Short web captions -
:::::
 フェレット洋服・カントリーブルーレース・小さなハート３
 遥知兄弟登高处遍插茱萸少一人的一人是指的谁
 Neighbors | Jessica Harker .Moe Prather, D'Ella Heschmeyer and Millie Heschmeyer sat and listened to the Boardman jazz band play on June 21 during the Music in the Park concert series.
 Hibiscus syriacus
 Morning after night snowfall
:::::
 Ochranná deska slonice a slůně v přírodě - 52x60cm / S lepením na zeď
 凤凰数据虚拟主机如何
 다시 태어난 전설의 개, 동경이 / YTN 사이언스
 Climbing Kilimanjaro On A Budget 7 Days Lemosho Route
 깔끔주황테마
:::::
Starting at the line that has "Neighbors | Jessica" in the records above, restate word for word every line until the one that has "Morning after night snowfall", and include that one as well.

Written answer -
 Neighbors | Jessica Harker .Moe Prather, D'Ella Heschmeyer and Millie Heschmeyer sat and listened to the Boardman jazz band play on June 21 during the Music in the Park concert series.
 Hibiscus syriacus
 Morning after night snowfall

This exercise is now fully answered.